Worst Mother Ever: Signal

THE STORY:

I am guilty of the WORST PARENTING MOVE EVER -- crossing a street with the girls through (stopped) traffic and not at the cross walk, at night -- and my punishment is that I watch Pippa get hit by a motorcycle, flying up in the air and plopping down on the pavement. Oh how I wish I were kidding. Before you panic, she is fine. Nothing broken. No permanent damage. She does have a little neck-ache, though, and is wearing a minerve (neck-brace).

 
The motorcycle is going about 5-10mph between a row of stopped cars, and she mostly just bounces off the plastic on the side. She does not hit her head, and gets up immediately, without a bruise on her body. It frankly seems less severe than the times she hurts her neck at gymnastics (once doing the vault, and once on trampoline). When distracted, she doesn't seem that bad off, but still, she does have a stiff neck. And she is SO angry at me. And with good reason. Anthony and myself are so angry at me, too.

I am normally extremely safety conscious, so this is out of character and just beyond stupid. The first night after it happens, I am somewhat numb, because the self-loathing that completely floods me is neutralized by the simultaneous relief and joy in seeing that she's not hurt in any major way. Around 5:30 in the morning, however, what I mostly feel is the self-loathing.
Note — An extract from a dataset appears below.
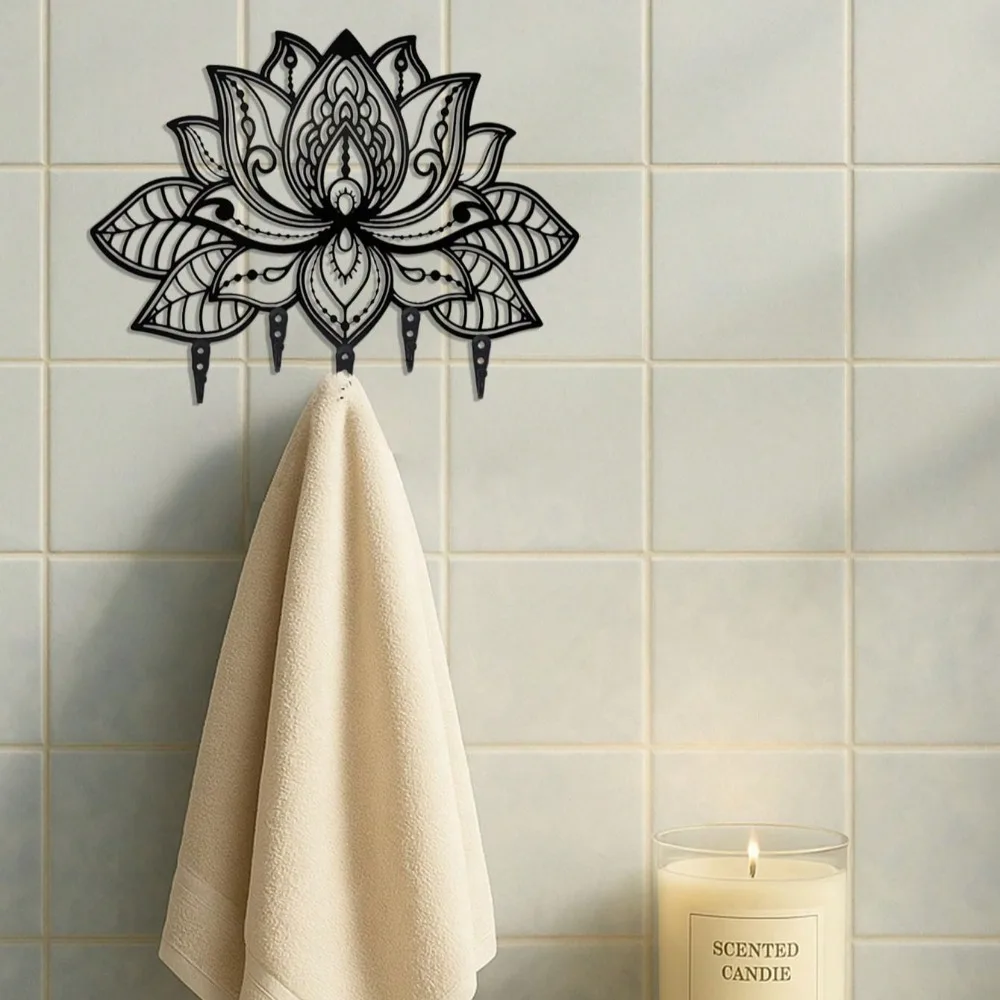 ロータス壁掛けキーホルダー - コートフックと帽子掛け付きのスタイリッシュな玄関オーガナイザー、鍵やバッグ用のモダンなゴールド/ブロンズシェルフ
We make it through the night, and she wakes up briefly a couple times because of her neck. I get a bad night's sleep, though: Pretty hard to sleep like a baby when you almost get your own baby killed. Yikes. So the next day I am exhausted, and guilt-ridden, but also nearly ecstatic. Given the theory of alternate universes, I am so, so, so thrilled that I get to live in the universe where my daughter is in the next room singing, playing, laughing, and goofing off with her friend. She's twisting and moving and not even thinking of her neck -- when I'm not around, that is. But I really can't begrudge my most dramatic child any amount of rubbing it in when I am around. Needless to say, I am in the doghouse, and she's a big fan of Daddy for the moment.
 

So since this isn't funny and doesn't do much to enlighten you about Paris, why am I publicly shaming myself by telling you this story? A) to give you the news B) because I know I fully deserve it, and C) to serve as a cautionary tale: This is a city where you really should cross with the light at the crosswalks! Because traffic is such an issue, expect motorcycles coming down between the lanes at any and all times. And know that you might not be able to see them between the cars and buses.


THE CHEESE: Signal

Also called Chèvre du Signal, Signal is a farmhouse raw goat's milk cheese from the Savoie region, made near Lake Aiguebelette. It's a small guy, but fat, like a stack of silver dollar pancakes and is well worth buying on the rare occasion you come across it. It's related to a Charolais or a Chavignol, and the flavor is similarly medium-goaty, savory, salty, and -- as they say -- "long in the mouth". That is to say that the aftertastes lingers and grows. Delicious.


The texture is firm -- not quite hard and crumbly. The more it ages, the harder and wrinklier it gets. While not spreadable, it still melts in the mouth and is thick and creamy. As it is, the outside crust is edible, but chewy and solid. Signal is covered with a white bloom under which you can see clear hints of reddish and golden yellow molds.

 
THE CONNECTION:

If only I had crossed the street at the red signal (the traffic light, not the cheese), all this could have been avoided.